Slippery slop argument, but I'll play along. My love for my child would be unconditional. I would be mad, but my love wouldn't be superseded by such actions. Besides, there is a difference between making a personal decision, made in a respectful manner, and one that was made through disrespect.

did that woman desecrate holy hindu scriptures? Did she disrespect hindu gods or beliefs? No she did not. She simply converted from one religion to another, and does NOT want to live with her parents. Yet, her parents are forcing her to renounce her new faith, and force her to live with them.

Your comparison is as foolish as your logic.

Pick your battles more wisely, because you've lost this one.

Tut, tut!
Proof by lack of imagination, right? Its not the question of husband 'dumbing' [sic]. Husband may die and husband's family may not accept her. Can she pull her weight then? Or her and her child's? World is not so simple and can screw you many ways. Infact you are missing a major point, which is 'Does she have capability to carry her self on her own?'. Nope!

Anyways, this discussion is meaningless.
All of these are slippery slop arguments, which have no basis in fact. You're making assumptions.

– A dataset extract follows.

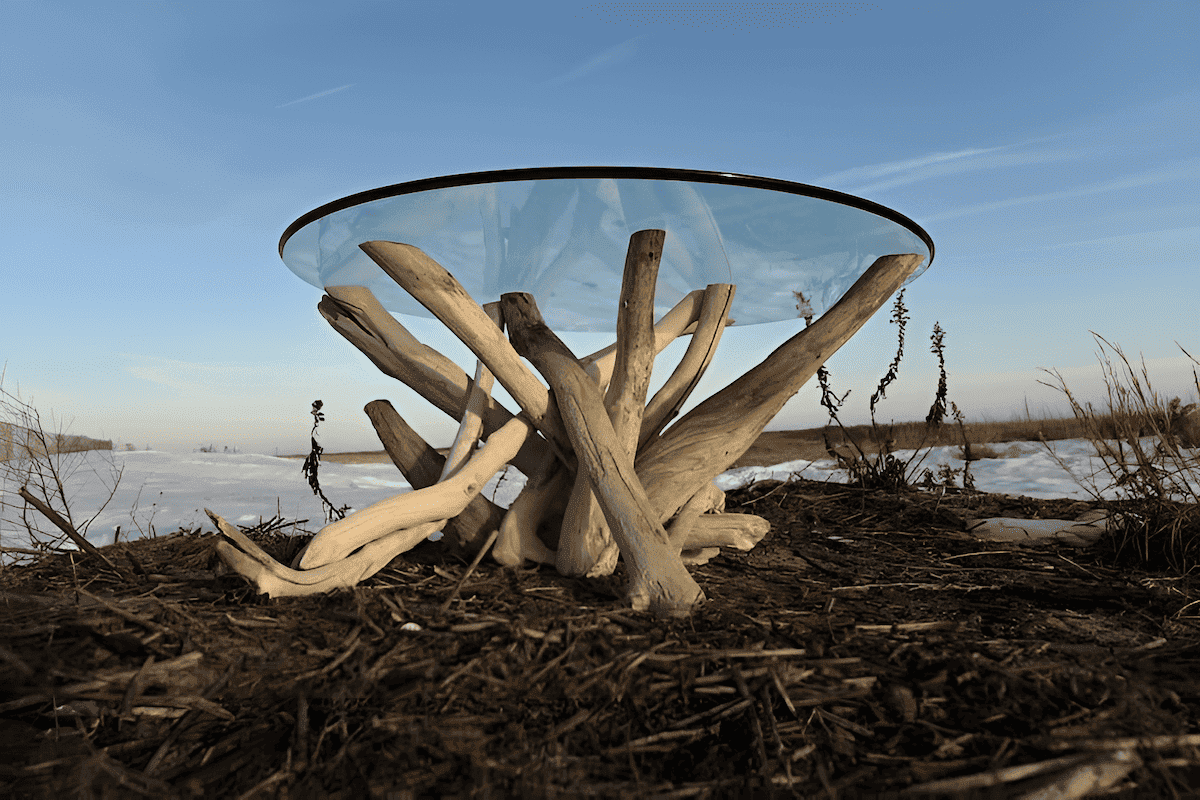 a center table made out of driftwood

The fact that you need to use your imagination, shows a lot about your thought process. You literally had to make this up, in order to try and prove your point.

In the end, you have made zero logical arguments, instead choosing to present fantastical ones.

If you're already a father, than you're a disgrace. If you want to become a father, I hope no woman is stupid enough to give you a child, unless and until you change your mindset.